Excerpted data =>
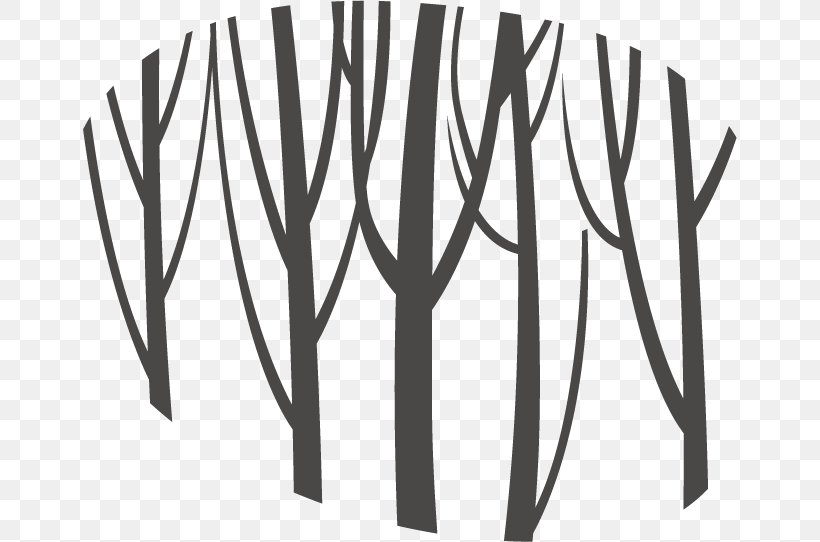 Forest Silhouette Trunk, PNG, 654x542px, Forest, Black And White, Brand, Gratis, Logo Download Free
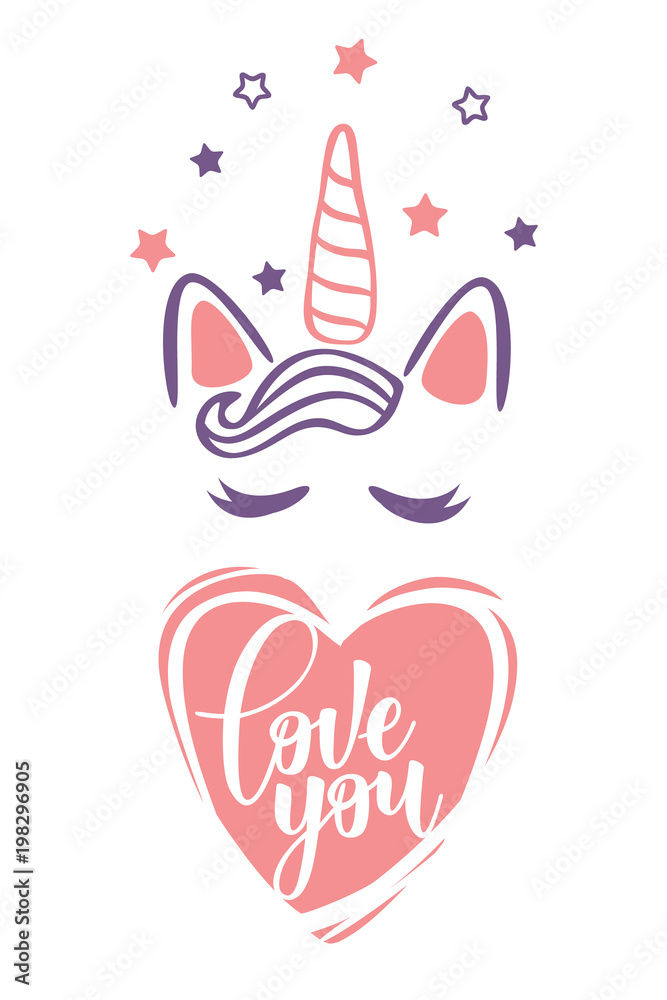 Vector illustration of a magic cute unicorn with stars. Vector illustration of a magic cute unicorn with stars.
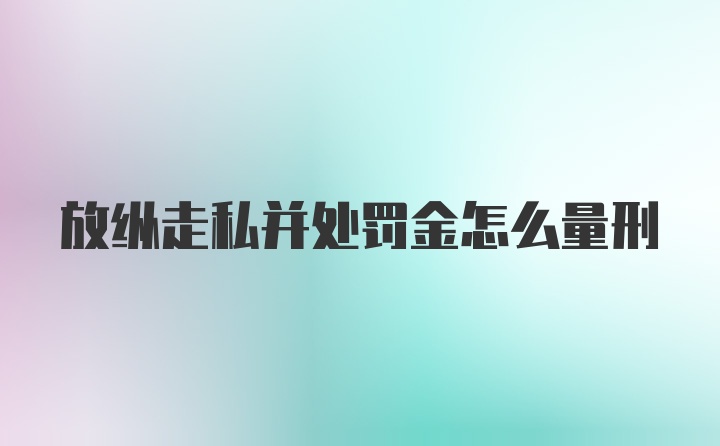 放纵走私并处罚金怎么量刑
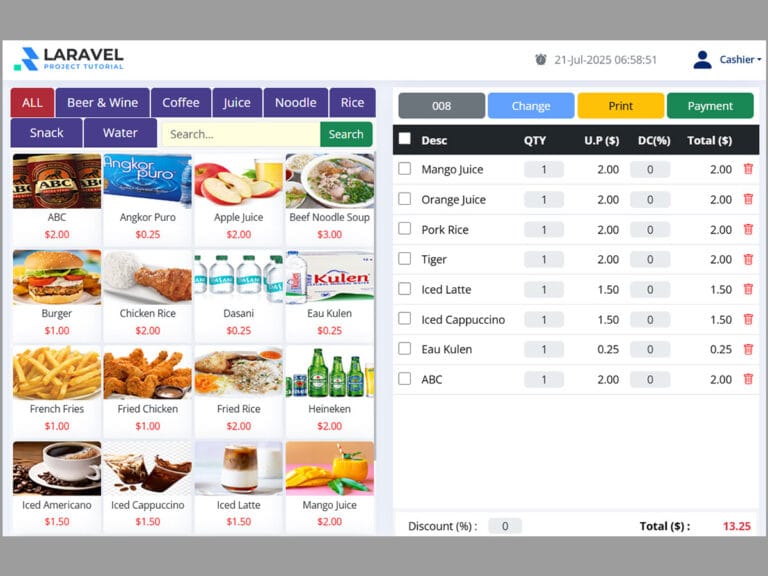 Laravel Vue.js POS Cart System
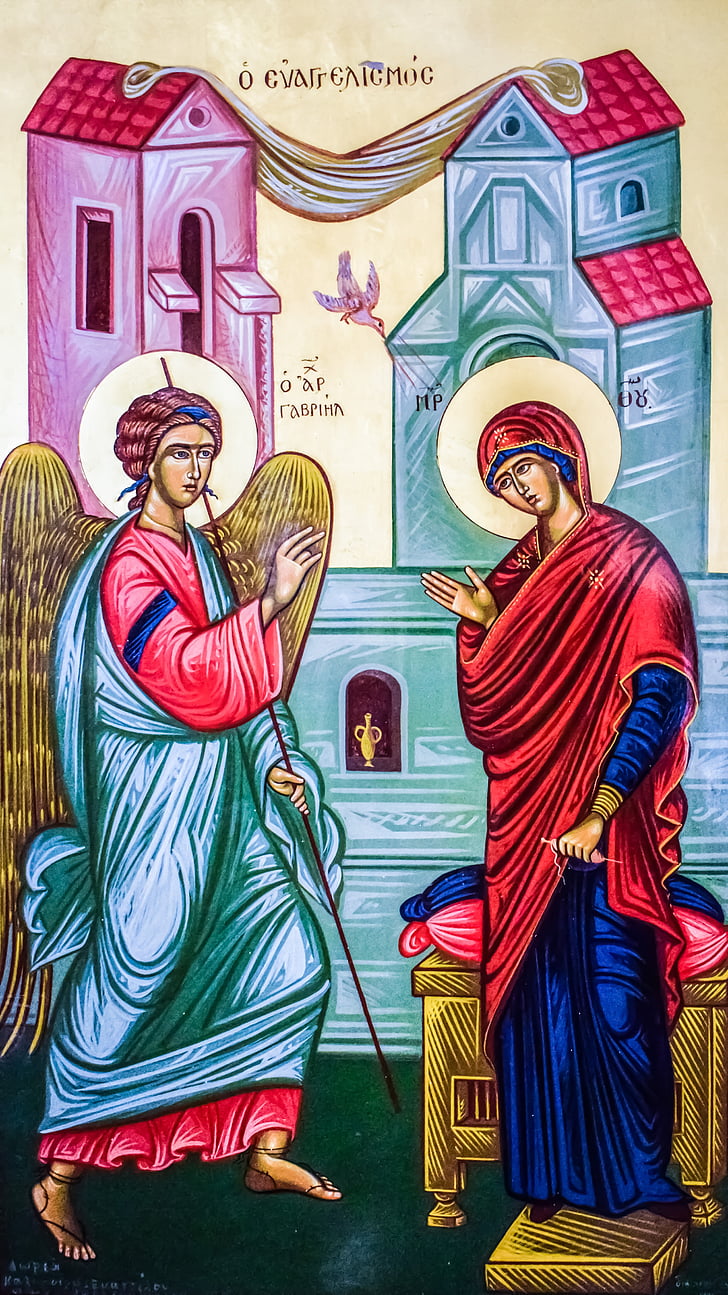 the annunciation, virgin mary, archangel gabriel, icon, painting, byzantine style, religion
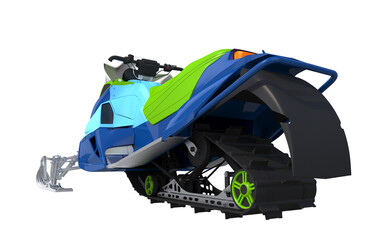 Colorful Snowmobile Rear View PNG Illustration.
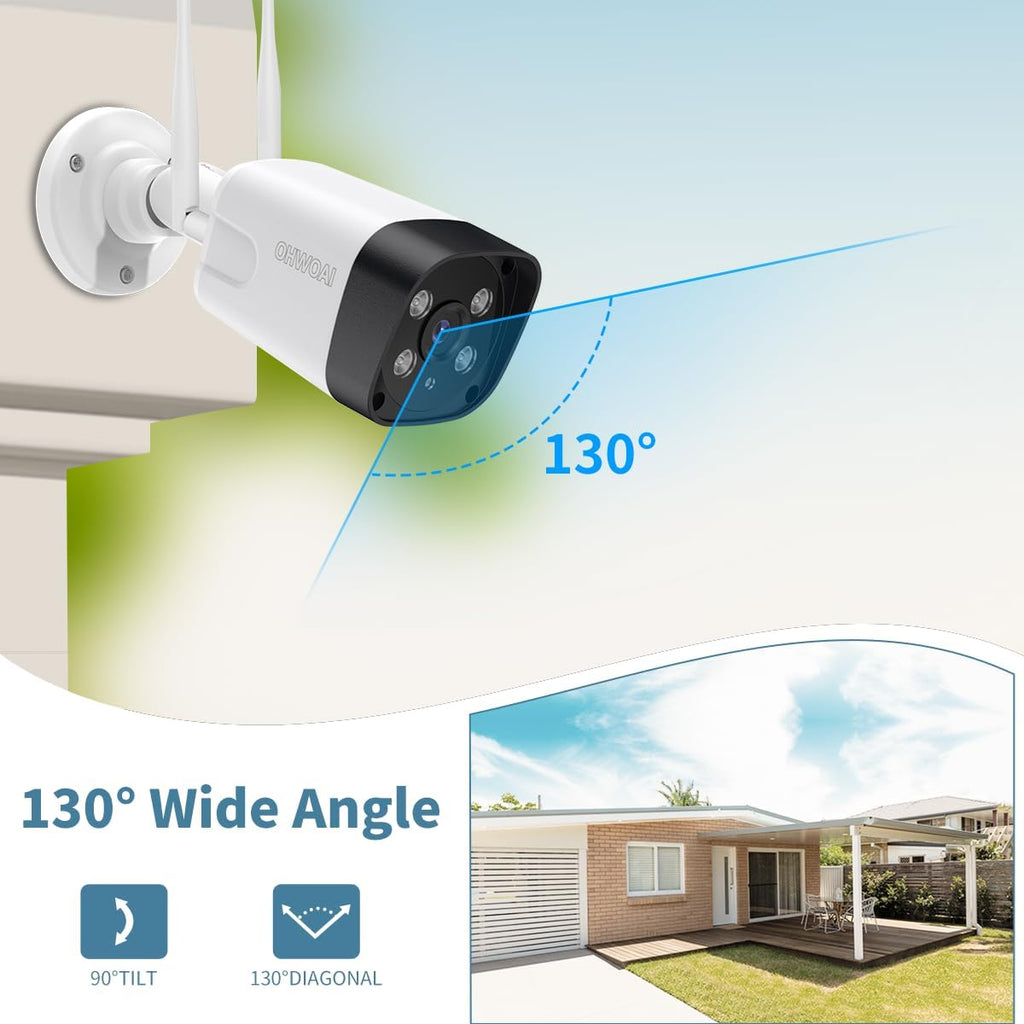 《2-Way Audio & 130°Wide Angle》Wireless Security Camera System Outdoor with 4-Antenna NVR, WiFi Cameras for Home Video Surveillance Systems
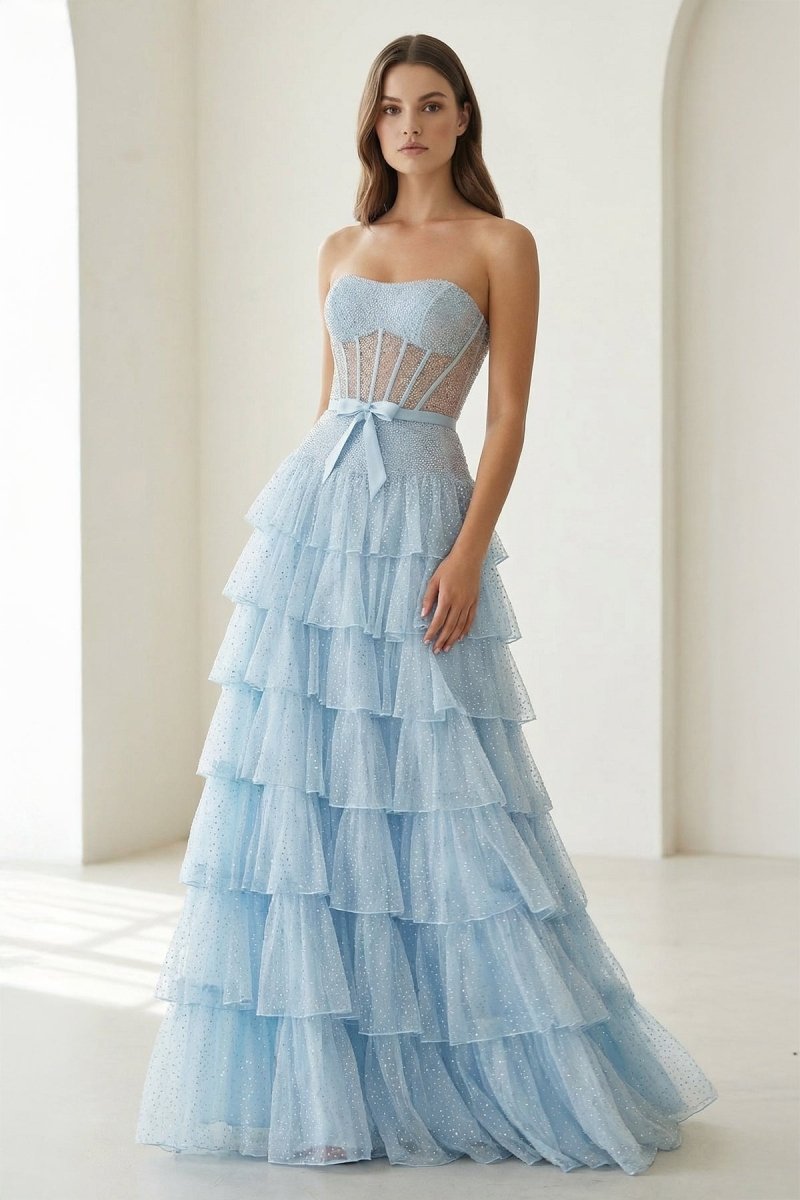 Black-White Strapless A Line Tulle Ruffled Formal Prom Dresses With Beading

What to produce =>
Copy the records word for word, leaving no picture in the copy.

Answer area =>
 Forest Silhouette Trunk, PNG, 654x542px, Forest, Black And White, Brand, Gratis, Logo Download Free
 Vector illustration of a magic cute unicorn with stars. Vector illustration of a magic cute unicorn with stars.
 放纵走私并处罚金怎么量刑
 Laravel Vue.js POS Cart System
 the annunciation, virgin mary, archangel gabriel, icon, painting, byzantine style, religion
 Colorful Snowmobile Rear View PNG Illustration.
 《2-Way Audio & 130°Wide Angle》Wireless Security Camera System Outdoor with 4-Antenna NVR, WiFi Cameras for Home Video Surveillance Systems
 Black-White Strapless A Line Tulle Ruffled Formal Prom Dresses With Beading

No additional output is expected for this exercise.